Nonetheless I continued to believe that if “the good, decent conservatives” of America could see the truth, they’d be moved in the direction that the truth demanded.
But it turned out that even seeing isn’t necessarily believing.
Where the deceptions of the Republican Party in 2012 could be cloaked in plausibly normal politics, there came a man whom I described in 2015 as “the same wolf but without the sheep’s clothing.”
The truth – being no longer hidden — no longer needed me or anyone else, I expected, to lay that truth bare.
But it turned out I’d been wrong in believing that those “good and decent people” would defend “their own deep values” when the truth was on such blatant display.
The most dramatic demonstration of how weak the truth had become came with the 2020 election:
- Logic should tell people that a man who’d claimed the election was rigged when he thought he’d lose in 2016 would lie again four years later when he actually did lose.
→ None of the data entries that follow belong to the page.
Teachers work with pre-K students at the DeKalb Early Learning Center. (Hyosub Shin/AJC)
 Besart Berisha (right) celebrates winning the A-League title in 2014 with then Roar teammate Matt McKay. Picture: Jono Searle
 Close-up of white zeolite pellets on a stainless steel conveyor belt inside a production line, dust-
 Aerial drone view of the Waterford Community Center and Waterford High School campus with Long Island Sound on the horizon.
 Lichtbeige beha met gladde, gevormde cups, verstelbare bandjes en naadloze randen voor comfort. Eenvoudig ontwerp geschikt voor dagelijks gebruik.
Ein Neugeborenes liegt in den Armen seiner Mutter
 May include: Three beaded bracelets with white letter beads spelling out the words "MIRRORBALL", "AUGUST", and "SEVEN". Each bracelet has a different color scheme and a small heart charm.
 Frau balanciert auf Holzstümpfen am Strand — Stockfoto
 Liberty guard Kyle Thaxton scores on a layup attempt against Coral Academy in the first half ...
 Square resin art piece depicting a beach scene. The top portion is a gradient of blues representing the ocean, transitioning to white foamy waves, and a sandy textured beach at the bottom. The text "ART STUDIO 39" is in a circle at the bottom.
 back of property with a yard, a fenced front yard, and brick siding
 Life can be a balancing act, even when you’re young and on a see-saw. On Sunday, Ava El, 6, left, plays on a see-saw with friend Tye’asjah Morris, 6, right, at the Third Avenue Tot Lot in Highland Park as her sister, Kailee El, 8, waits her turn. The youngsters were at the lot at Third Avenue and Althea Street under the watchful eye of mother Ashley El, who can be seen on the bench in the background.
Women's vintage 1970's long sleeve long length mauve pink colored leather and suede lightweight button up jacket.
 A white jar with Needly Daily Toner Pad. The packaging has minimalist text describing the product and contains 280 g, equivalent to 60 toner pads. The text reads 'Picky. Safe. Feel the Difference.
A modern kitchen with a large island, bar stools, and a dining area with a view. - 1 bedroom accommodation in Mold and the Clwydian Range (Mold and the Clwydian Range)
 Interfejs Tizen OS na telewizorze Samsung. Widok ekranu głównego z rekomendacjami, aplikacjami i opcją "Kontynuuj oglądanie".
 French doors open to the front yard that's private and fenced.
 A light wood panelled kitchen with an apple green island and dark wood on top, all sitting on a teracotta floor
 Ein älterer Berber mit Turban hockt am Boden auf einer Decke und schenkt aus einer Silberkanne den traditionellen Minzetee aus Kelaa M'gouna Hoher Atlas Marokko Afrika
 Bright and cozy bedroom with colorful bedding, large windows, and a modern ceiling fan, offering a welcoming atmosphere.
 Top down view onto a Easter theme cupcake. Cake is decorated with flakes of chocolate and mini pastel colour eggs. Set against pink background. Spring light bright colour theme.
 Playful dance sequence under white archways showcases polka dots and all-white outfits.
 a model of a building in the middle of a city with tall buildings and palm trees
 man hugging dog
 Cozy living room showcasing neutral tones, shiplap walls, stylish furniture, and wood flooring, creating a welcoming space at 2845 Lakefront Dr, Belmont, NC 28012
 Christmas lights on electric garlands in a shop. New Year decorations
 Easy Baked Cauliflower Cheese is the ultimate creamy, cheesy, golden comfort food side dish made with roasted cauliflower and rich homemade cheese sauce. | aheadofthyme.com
- Evidence – from over 60 cases heard by judges from both parties – showed that there was no truth whatever in the claims about the election being stolen.
- And right before everyone’s eyes, any American could see it was this leader – Trump, the first loser in an American presidential election to refuse to admit defeat – who was trying to steal the election.
Yet three-fourths of Republican voters proclaimed their belief in that blatant Big Lie. (And soon the Republican Party made that Lie its dogma.)
Clearly, the power of the truth was not what I’d believed. The truth does not so readily hold sway over the minds of human beings.
Nonetheless, the truth clearly has some kind of power. That can be seen in how deeply those who are committed to lies seem to fear the truth.
That leader who advanced the Big Lie is apparently terrified of the truth that, in 2020, he was a “loser.”
And his followers so fear the truth that they’ve compelled their party to punish anyone – like Liz Cheney and Adam Kinzinger – who have shown the integrity to pursue the truth.
And when tapes emerge showing that the top Republican in the House, whose ambition is to become Speaker, spoke the truth about what the Insurrection signified, and has lied about it ever since, it became clear that if the Party were to punish him it would not be for lying but for ever having spoken the forbidden truth.
The Party of the Lie has shown this fear of the truth also in its campaign to prevent America’s children from learning the truth about racial injustice in America’s history, or about the reality that not everyone is alike in their sexuality.
The truth has an inescapable power because reality is the only thing we’ve got. Reality cannot be wished away. If we refuse to face it, it will bite us from behind.
During GW Bush’s presidency, an arrogant aide to the President famously derided the “reality-based” community, arrogantly claimed “We’re an empire now, and when we act, we create our own reality.”
The wreckage that group left behind – from botched war to financial collapse – demonstrated that the wage of denying the truth is brokenness.